The "Today Show" website published an excerpt of this latest book
in which the author examines the relationship between boys and authority figures.
“Boys have a strong response to authority figures who discipline them fairly, even if they hate the punishment,” Wiseman wrote in that excerpt. “People in positions of authority are important to boys. Boys accord an adult great respect if they believe in the person's honor. They burn with resentment when they are under the control of an adult who abuses his or her authority and then take these experiences and often assume other adults will act the same way.”
In a recent interview with The Atlantic
, Wiseman talked about circumstances in which educators - perhaps even inadvertently - end up sending mixed messages to boys.

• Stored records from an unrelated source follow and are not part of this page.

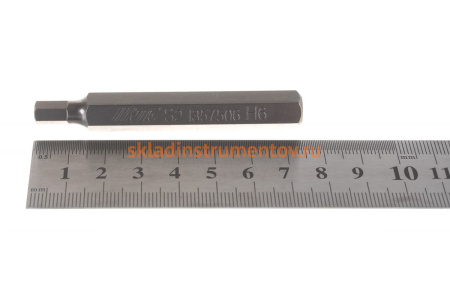 Удлиненная шестигранная вставка 10мм 6х75мм S2 JTC 1357506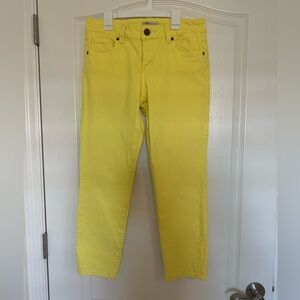 yellow capri jeans
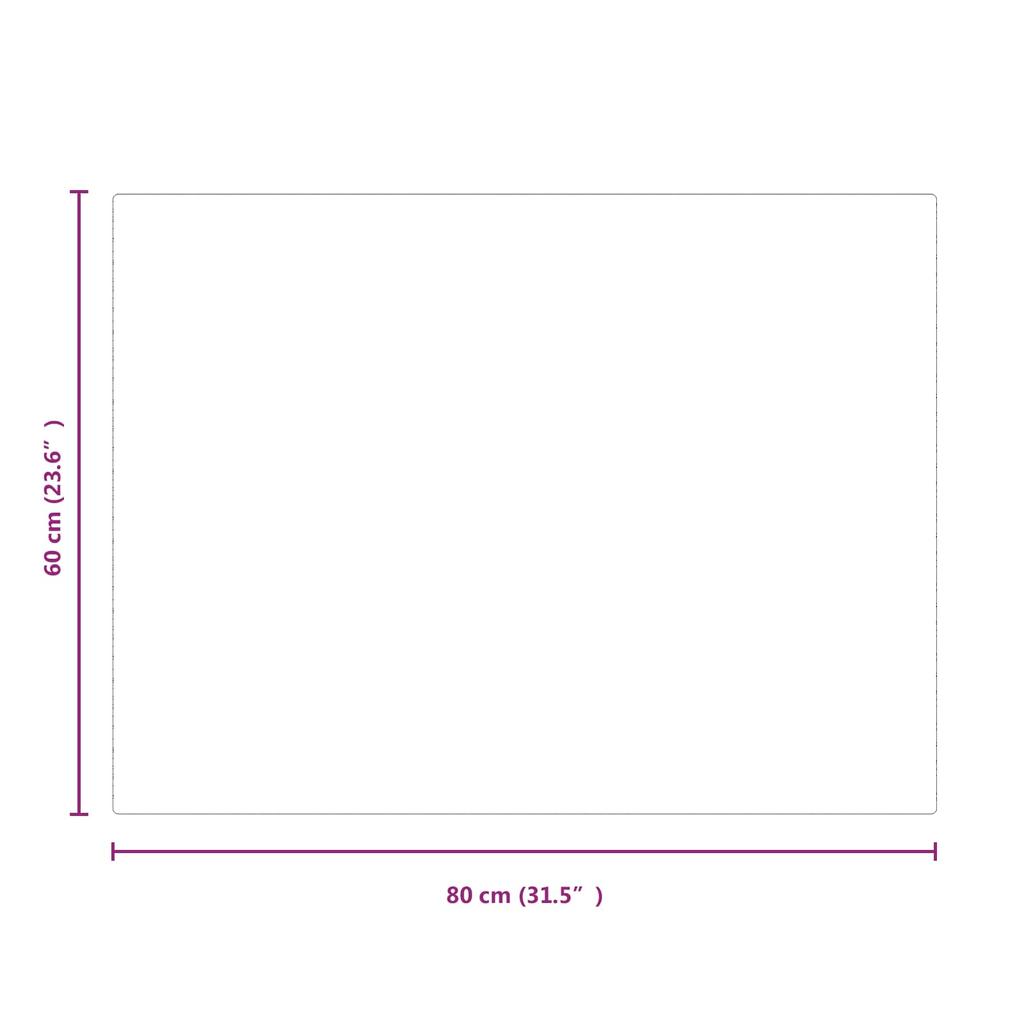Fireplace Glass Plate Transparent 80 X 60 Cm Glass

Wiseman told The Atlantic, "Much of how our educational system is structured - from the way boys are taught academics, to the lack of training we give teachers to be ethical competent authority figures who not only know their subject matter but are engaging educators, to the way the minority of boys who do abuse power so often regularly get away or are disciplined in a way that only shows how powerless the adults are to truly hold them accountable - all too often schools are the place boys learn that the overall culture they will grow up in restricts their creativity and makes it as difficult as possible to come into their masculinity in healthy ways."